You really don't need a canvas tent for using a stove. Check out Kirafu, they make sil nylon tents that are stove compatible. You might want to do something DIY. A sturdy winter tent with a stove jack would be an awesome winter shelter.
You mentioned just bringing a "winter tarp"? Do you mean a flat tarp? I can tell you that sleeping in an open tarp with a stove will not work. You need a big, open fire for that. A stove will only keep you nice and warm if it's inside an enclosed shelter.
In normal circumstances, there isn't a fire hazard with nylon or sil nylon. It's not going to burst into flames unless it has direct contact with flames. What happens is the firewood pops and sends sparks into the air. If those sparks fly into thin nylon, it can create tiny little holes. This isn't an issue with a stove because it's closed off but is an issue with an open fire.

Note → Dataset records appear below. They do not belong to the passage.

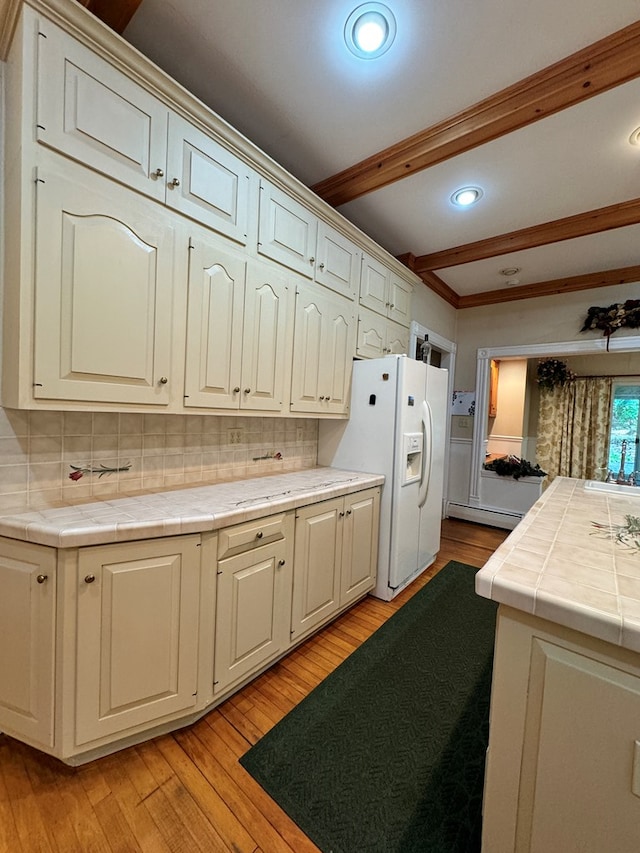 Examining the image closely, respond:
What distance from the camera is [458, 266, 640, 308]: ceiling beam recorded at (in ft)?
11.6

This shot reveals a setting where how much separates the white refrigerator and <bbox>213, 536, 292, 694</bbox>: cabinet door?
0.98 metres

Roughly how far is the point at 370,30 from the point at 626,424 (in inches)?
228

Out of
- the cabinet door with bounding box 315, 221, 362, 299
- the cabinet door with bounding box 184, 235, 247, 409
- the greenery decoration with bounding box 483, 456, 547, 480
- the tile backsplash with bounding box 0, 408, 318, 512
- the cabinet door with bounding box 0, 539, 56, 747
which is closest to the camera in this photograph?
the cabinet door with bounding box 0, 539, 56, 747

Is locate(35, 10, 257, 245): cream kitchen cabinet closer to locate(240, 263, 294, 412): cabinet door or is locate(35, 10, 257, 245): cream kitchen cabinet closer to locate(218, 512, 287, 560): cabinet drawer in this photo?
locate(240, 263, 294, 412): cabinet door

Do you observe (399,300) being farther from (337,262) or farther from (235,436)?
(235,436)

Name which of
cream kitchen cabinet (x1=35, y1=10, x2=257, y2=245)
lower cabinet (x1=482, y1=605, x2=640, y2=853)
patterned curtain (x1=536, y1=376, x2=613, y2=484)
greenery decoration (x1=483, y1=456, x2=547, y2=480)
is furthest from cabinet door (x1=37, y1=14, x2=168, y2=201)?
patterned curtain (x1=536, y1=376, x2=613, y2=484)

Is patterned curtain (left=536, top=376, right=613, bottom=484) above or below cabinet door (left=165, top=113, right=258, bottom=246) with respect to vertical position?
below

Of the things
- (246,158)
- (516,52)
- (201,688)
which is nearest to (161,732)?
(201,688)

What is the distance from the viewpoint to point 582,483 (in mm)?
2342

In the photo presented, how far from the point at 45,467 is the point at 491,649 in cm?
249

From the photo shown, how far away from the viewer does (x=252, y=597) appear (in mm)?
1612

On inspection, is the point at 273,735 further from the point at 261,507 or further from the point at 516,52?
the point at 516,52

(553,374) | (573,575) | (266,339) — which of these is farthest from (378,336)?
(553,374)

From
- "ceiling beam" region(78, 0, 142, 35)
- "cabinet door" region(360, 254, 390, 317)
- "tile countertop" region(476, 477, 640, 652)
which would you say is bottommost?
"tile countertop" region(476, 477, 640, 652) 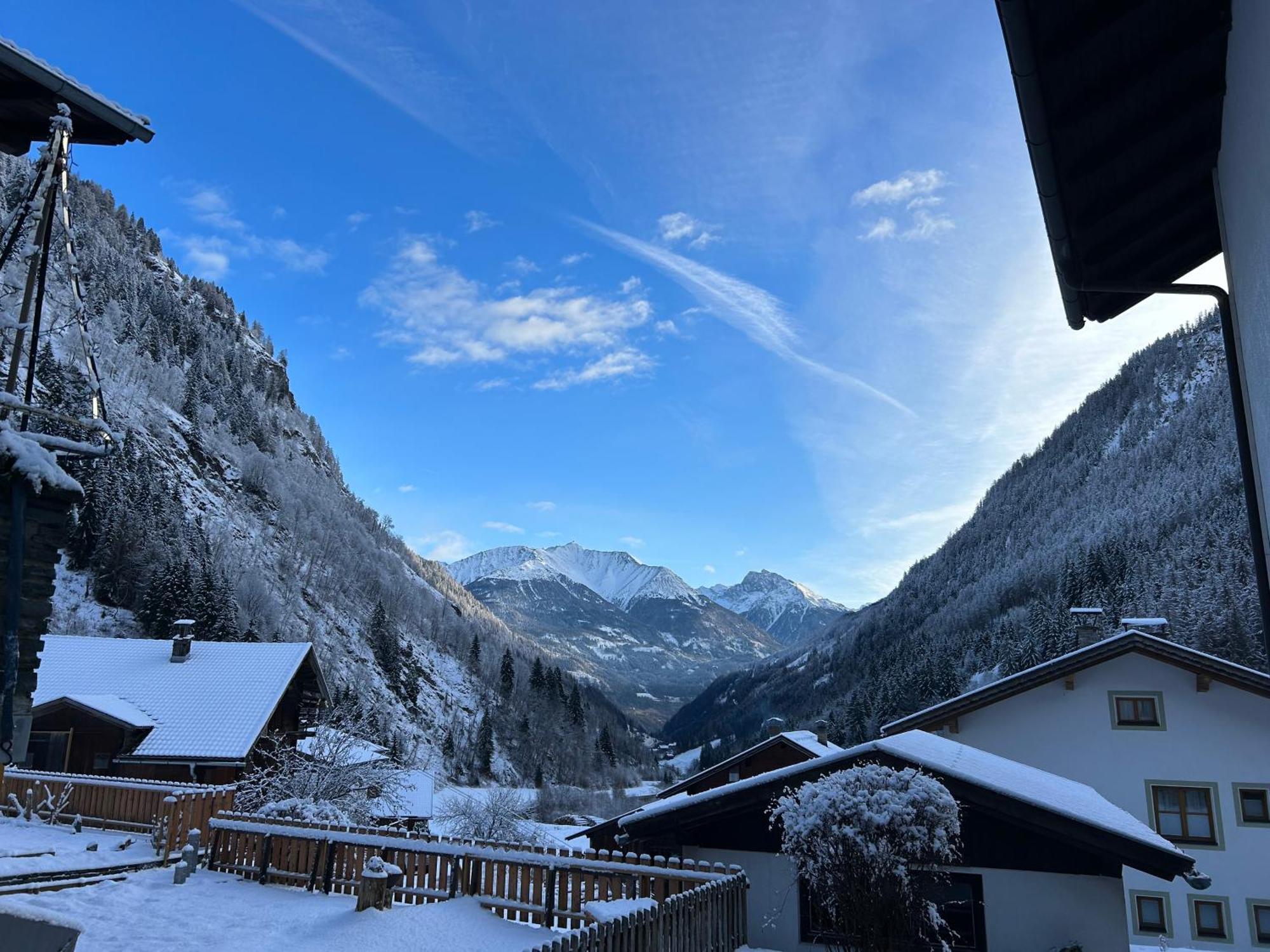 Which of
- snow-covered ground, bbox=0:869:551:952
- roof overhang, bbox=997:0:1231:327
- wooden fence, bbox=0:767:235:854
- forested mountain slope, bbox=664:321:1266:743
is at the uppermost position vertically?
forested mountain slope, bbox=664:321:1266:743

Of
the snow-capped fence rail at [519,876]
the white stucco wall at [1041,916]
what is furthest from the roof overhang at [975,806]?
the snow-capped fence rail at [519,876]

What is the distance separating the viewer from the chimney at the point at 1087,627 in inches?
1153

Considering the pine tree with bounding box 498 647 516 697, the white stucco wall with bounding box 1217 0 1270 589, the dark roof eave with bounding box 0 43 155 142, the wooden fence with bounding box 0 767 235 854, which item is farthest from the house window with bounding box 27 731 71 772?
the pine tree with bounding box 498 647 516 697

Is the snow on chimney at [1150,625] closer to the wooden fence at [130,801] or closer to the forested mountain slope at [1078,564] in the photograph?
the wooden fence at [130,801]

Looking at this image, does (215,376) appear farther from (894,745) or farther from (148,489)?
(894,745)

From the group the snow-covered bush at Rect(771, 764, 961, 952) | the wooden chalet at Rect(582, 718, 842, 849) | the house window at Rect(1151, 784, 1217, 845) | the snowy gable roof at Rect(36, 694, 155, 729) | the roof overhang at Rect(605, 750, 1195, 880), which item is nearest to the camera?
the snow-covered bush at Rect(771, 764, 961, 952)

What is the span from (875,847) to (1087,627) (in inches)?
876

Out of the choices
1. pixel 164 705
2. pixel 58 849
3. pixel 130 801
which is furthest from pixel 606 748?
pixel 58 849

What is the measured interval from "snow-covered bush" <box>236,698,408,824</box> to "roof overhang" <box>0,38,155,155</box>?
18.4 metres

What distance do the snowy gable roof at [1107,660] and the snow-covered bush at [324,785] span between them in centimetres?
1780

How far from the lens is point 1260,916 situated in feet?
73.3

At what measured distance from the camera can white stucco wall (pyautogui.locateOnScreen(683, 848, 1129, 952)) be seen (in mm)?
13914

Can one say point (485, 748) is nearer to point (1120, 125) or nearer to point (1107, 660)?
point (1107, 660)

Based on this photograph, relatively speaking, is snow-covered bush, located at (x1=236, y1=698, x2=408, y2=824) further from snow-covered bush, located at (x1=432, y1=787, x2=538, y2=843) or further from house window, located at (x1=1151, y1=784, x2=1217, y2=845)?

If you are camping with an open fire to heat your tarp shelter, you should have a cheap or cheapish tarp. It will get a few holes over time but you can just patch it up. You will get decent life out of it considering the cost. You are also going to want a cheap bivy (i am going to experiment with tyvek) to block any sparks from getting to your expensive down sleeping bag.

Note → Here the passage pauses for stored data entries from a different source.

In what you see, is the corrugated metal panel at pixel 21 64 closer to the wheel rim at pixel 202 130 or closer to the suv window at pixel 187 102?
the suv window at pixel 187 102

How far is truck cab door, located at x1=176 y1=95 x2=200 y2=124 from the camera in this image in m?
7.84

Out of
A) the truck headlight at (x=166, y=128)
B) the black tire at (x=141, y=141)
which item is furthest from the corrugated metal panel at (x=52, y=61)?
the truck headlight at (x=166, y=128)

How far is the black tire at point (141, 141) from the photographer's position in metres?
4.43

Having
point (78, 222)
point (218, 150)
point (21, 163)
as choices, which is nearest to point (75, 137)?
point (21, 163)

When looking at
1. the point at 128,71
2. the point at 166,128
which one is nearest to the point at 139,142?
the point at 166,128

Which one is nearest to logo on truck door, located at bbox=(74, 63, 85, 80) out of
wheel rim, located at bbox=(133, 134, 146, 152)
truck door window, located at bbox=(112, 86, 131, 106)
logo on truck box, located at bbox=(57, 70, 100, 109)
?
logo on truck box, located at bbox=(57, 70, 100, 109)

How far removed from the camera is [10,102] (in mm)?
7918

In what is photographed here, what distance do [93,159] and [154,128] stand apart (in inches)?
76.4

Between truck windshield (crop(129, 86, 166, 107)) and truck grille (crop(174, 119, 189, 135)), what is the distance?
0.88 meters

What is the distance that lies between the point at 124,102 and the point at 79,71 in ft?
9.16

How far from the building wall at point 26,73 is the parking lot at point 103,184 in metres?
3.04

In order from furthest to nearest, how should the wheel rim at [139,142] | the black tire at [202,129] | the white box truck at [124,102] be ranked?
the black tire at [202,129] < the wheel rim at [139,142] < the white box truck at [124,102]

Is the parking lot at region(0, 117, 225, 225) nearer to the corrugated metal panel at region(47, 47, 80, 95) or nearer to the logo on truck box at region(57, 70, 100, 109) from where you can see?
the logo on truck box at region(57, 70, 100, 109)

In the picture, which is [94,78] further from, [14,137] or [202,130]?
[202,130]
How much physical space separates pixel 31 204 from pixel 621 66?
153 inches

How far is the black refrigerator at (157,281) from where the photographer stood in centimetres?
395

The amount of sparks flying around depends on the type of wood. I have slept extremely close to a fire with oak wood and there were no pops or sparks. On the other hand, I have slept next to a lot of large fires using coastal redwood and that stuff pops like crazy. I had a coal, about double the size of a quarter, fly through the air from about 5 feet away and land right in between my feet. It burnt straight through my poncho liner and all the way to the ground through my thermarest z-lite.
While you have to stoke a stove constantly, if you make a big, long log fire and stoke it right, you might not have to feed it again for several hours. If you do it enough, you pretty much start sleepwalking over to the wood pile and fall asleep instantly when you get back in your bag.